(What the task asks):
In the listing below, a line holding "712 St James" and a line holding "Student klänning - Säljer" mark the range. Retype both exactly, with all lines between them.
-- Input records follows --
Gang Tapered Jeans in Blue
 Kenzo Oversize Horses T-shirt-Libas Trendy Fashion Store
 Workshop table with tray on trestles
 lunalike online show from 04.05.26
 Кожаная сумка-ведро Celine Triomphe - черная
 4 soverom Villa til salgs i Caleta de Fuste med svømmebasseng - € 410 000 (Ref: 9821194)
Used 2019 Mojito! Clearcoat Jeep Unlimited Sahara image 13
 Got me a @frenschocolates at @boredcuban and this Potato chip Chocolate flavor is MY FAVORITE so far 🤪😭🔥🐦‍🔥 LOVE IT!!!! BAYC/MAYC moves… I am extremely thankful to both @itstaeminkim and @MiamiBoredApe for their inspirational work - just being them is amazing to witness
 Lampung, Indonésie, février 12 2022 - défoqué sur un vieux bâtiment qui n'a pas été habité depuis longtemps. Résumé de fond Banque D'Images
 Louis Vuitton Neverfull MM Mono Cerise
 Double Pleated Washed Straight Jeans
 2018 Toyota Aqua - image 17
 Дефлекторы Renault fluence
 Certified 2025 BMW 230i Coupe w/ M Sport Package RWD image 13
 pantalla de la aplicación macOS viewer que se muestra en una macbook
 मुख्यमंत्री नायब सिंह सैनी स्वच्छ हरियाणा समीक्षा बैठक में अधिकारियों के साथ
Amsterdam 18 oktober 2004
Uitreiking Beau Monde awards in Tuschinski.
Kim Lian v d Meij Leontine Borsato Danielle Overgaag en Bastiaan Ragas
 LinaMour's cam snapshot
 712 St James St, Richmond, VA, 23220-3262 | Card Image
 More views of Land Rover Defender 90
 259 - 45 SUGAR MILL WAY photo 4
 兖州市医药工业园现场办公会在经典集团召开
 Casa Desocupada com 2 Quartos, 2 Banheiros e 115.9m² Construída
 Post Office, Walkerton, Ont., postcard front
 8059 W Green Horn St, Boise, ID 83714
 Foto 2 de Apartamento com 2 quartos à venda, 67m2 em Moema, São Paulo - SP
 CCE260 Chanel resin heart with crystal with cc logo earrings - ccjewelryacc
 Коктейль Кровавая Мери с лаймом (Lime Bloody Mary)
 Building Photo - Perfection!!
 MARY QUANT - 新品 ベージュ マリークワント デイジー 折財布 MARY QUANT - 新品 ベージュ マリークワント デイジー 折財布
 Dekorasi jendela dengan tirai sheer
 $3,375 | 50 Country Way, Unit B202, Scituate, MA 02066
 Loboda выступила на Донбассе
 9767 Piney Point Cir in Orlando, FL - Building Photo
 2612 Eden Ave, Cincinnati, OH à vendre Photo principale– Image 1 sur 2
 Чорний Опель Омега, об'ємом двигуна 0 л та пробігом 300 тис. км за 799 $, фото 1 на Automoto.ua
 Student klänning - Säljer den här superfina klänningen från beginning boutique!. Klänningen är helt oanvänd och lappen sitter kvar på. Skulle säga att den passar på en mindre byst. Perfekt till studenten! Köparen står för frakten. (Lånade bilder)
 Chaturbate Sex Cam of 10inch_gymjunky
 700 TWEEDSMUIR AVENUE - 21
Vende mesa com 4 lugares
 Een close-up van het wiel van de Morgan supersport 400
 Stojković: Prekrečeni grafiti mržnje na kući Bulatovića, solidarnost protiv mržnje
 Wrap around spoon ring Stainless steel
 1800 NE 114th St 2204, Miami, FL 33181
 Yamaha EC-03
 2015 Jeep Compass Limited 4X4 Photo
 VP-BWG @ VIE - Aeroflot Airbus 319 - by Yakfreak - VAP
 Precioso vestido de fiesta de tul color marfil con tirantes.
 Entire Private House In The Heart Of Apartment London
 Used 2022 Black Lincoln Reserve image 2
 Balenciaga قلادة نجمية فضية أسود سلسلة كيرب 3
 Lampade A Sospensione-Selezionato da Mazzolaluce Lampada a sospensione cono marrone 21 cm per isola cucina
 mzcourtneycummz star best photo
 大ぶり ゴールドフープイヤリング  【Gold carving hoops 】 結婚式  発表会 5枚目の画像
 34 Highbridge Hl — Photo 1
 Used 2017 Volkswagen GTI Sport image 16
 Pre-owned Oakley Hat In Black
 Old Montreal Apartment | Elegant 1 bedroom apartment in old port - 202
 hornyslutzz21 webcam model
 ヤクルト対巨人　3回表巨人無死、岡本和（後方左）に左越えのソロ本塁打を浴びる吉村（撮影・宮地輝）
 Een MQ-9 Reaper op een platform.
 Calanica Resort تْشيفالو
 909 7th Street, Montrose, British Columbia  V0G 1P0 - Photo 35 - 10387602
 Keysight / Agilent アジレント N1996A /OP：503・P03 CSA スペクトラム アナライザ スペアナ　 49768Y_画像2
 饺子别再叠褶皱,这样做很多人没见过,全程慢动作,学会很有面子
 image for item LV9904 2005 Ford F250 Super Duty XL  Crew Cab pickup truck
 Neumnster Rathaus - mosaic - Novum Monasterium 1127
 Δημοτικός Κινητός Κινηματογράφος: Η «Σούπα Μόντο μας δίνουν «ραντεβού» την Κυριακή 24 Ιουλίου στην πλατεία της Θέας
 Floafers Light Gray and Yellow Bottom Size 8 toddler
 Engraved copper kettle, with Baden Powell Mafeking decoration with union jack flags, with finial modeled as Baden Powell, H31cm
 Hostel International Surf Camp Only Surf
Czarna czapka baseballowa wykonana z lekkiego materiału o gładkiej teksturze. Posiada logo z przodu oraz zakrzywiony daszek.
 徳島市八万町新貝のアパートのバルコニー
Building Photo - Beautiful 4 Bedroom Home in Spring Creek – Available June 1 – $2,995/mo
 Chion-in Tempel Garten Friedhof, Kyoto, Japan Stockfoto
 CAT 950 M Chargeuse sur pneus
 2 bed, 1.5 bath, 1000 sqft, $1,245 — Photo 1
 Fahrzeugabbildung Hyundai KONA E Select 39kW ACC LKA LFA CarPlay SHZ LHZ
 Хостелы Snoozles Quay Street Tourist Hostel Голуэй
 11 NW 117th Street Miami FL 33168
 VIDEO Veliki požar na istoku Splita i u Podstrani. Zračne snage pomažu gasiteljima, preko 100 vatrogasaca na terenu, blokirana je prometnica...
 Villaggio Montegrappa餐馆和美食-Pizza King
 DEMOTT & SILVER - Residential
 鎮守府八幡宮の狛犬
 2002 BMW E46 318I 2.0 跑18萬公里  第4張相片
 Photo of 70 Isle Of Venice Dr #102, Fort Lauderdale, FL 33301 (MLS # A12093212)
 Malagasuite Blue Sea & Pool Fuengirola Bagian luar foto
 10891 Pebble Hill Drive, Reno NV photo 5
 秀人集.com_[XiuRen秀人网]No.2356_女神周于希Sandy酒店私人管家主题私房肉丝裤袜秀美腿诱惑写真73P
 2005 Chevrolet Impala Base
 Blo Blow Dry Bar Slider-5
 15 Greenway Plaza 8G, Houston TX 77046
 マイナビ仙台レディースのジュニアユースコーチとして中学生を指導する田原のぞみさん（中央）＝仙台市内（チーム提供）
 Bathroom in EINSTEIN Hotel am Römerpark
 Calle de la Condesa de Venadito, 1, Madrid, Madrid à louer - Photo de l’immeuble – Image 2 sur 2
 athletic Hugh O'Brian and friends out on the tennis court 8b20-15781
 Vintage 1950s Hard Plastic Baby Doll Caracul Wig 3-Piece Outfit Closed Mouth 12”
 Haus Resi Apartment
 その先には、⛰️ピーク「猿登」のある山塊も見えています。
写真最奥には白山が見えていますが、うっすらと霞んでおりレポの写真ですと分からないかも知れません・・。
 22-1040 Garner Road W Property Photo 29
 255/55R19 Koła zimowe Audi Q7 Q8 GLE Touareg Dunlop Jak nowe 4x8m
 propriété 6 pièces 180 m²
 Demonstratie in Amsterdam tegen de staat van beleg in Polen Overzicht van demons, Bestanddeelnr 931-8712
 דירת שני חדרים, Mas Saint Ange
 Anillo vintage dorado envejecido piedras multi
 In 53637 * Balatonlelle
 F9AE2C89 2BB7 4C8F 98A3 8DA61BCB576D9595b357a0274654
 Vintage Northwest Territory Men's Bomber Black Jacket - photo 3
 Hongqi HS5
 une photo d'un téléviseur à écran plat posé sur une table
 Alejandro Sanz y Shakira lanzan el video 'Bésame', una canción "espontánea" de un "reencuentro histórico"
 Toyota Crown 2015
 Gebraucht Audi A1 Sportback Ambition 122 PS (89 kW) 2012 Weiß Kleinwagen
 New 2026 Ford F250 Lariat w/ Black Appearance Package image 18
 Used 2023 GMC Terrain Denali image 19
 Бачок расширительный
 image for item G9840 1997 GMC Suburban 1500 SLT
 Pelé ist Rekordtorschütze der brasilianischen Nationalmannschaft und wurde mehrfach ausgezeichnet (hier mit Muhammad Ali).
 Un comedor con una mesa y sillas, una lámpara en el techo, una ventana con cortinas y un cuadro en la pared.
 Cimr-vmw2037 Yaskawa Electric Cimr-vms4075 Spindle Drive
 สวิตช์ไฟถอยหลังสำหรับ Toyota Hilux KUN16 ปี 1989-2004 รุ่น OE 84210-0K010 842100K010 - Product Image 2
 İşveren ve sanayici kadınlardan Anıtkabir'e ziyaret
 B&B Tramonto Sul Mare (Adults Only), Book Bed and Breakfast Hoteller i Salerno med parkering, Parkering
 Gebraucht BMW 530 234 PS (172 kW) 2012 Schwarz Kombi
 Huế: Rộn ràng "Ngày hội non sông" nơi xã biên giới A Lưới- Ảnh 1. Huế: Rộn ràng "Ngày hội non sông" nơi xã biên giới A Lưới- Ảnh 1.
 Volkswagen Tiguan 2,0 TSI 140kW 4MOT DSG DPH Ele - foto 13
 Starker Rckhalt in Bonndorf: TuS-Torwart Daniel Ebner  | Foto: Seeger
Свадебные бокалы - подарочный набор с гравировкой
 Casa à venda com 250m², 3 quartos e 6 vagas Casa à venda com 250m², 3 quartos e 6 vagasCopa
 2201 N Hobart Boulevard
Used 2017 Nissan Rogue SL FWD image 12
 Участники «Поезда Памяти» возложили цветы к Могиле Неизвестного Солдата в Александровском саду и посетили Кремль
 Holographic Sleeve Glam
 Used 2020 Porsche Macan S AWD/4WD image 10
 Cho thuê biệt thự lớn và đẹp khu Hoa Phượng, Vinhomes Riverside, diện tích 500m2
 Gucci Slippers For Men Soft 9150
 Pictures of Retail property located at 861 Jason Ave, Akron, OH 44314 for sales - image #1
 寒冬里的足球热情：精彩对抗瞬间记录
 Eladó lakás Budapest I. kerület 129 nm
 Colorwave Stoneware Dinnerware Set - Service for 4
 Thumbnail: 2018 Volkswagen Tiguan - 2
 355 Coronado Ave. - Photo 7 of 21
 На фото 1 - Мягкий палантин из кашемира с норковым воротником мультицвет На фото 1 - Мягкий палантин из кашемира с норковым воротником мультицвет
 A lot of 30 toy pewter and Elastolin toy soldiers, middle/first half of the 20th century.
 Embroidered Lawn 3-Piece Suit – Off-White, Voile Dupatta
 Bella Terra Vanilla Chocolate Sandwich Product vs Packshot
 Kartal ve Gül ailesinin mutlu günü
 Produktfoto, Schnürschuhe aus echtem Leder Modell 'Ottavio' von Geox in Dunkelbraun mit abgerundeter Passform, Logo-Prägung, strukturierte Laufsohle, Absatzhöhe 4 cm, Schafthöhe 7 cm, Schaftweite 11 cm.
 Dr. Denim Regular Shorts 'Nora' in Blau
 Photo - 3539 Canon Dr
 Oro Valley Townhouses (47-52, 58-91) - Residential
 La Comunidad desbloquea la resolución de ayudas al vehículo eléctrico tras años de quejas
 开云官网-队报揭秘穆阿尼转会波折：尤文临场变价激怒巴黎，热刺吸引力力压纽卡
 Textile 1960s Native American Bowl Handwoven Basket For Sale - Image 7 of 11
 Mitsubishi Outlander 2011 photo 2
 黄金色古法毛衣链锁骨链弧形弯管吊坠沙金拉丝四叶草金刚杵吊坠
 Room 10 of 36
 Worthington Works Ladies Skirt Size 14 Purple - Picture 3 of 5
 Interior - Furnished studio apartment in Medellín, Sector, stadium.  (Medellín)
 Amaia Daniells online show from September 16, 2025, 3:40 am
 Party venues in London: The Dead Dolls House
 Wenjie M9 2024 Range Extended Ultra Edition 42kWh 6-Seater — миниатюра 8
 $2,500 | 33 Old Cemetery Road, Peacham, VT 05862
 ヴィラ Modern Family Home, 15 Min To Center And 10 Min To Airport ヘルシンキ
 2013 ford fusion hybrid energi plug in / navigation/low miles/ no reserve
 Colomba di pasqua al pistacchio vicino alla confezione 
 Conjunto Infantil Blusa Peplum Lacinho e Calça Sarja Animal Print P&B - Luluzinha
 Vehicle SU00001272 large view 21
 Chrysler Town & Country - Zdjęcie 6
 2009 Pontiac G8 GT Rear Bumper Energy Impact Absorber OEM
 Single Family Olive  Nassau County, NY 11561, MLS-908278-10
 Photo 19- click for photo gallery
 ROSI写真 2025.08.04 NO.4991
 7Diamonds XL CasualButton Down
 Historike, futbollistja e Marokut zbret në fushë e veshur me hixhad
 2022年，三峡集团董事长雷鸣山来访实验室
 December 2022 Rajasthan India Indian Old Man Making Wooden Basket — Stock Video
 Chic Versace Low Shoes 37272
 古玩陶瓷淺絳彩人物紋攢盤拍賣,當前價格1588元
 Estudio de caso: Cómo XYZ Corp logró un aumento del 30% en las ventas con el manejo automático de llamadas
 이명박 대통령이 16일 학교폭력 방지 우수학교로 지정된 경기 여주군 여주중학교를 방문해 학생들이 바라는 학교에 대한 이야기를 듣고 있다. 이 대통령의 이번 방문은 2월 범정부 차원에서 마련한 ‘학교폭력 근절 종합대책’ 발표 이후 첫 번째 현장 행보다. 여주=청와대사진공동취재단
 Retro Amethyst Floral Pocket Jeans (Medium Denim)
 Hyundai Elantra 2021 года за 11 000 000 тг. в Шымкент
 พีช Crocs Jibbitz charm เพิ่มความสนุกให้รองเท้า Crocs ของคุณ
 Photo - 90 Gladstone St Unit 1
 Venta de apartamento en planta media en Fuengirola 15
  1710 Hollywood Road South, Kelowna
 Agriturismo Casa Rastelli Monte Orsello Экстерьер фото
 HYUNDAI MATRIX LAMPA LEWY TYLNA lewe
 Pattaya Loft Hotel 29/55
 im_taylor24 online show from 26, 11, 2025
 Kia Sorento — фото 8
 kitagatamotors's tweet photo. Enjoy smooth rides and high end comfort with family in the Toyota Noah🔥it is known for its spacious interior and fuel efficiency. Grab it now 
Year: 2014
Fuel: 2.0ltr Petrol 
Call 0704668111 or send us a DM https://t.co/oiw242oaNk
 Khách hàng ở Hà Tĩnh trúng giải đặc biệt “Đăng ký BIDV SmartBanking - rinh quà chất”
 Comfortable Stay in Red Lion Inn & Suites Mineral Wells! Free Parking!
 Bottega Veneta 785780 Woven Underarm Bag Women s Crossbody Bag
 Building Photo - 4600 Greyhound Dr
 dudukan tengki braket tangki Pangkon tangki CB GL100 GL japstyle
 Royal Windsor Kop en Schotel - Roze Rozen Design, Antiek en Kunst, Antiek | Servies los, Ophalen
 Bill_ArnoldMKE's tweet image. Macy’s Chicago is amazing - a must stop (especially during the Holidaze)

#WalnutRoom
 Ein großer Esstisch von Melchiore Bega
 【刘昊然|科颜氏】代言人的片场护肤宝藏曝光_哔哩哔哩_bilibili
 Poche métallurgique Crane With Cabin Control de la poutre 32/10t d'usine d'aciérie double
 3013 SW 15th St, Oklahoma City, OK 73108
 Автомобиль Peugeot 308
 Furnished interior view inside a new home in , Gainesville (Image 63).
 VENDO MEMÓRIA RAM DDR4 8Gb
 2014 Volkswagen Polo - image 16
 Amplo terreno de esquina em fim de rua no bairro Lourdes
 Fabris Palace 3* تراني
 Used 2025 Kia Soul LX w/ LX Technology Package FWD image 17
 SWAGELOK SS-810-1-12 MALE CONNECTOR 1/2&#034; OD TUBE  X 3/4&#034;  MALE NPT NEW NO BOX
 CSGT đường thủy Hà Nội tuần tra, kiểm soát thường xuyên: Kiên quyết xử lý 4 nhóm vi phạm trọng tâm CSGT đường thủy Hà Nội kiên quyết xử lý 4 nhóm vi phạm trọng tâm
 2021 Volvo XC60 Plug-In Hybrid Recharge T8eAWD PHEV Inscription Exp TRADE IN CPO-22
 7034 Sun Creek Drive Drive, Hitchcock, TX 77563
-- Input records concluded --
(Answer to this task):
 712 St James St, Richmond, VA, 23220-3262 | Card Image
 More views of Land Rover Defender 90
 259 - 45 SUGAR MILL WAY photo 4
 兖州市医药工业园现场办公会在经典集团召开
 Casa Desocupada com 2 Quartos, 2 Banheiros e 115.9m² Construída
 Post Office, Walkerton, Ont., postcard front
 8059 W Green Horn St, Boise, ID 83714
 Foto 2 de Apartamento com 2 quartos à venda, 67m2 em Moema, São Paulo - SP
 CCE260 Chanel resin heart with crystal with cc logo earrings - ccjewelryacc
 Коктейль Кровавая Мери с лаймом (Lime Bloody Mary)
 Building Photo - Perfection!!
 MARY QUANT - 新品 ベージュ マリークワント デイジー 折財布 MARY QUANT - 新品 ベージュ マリークワント デイジー 折財布
 Dekorasi jendela dengan tirai sheer
 $3,375 | 50 Country Way, Unit B202, Scituate, MA 02066
 Loboda выступила на Донбассе
 9767 Piney Point Cir in Orlando, FL - Building Photo
 2612 Eden Ave, Cincinnati, OH à vendre Photo principale– Image 1 sur 2
 Чорний Опель Омега, об'ємом двигуна 0 л та пробігом 300 тис. км за 799 $, фото 1 на Automoto.ua
 Student klänning - Säljer den här superfina klänningen från beginning boutique!. Klänningen är helt oanvänd och lappen sitter kvar på. Skulle säga att den passar på en mindre byst. Perfekt till studenten! Köparen står för frakten. (Lånade bilder)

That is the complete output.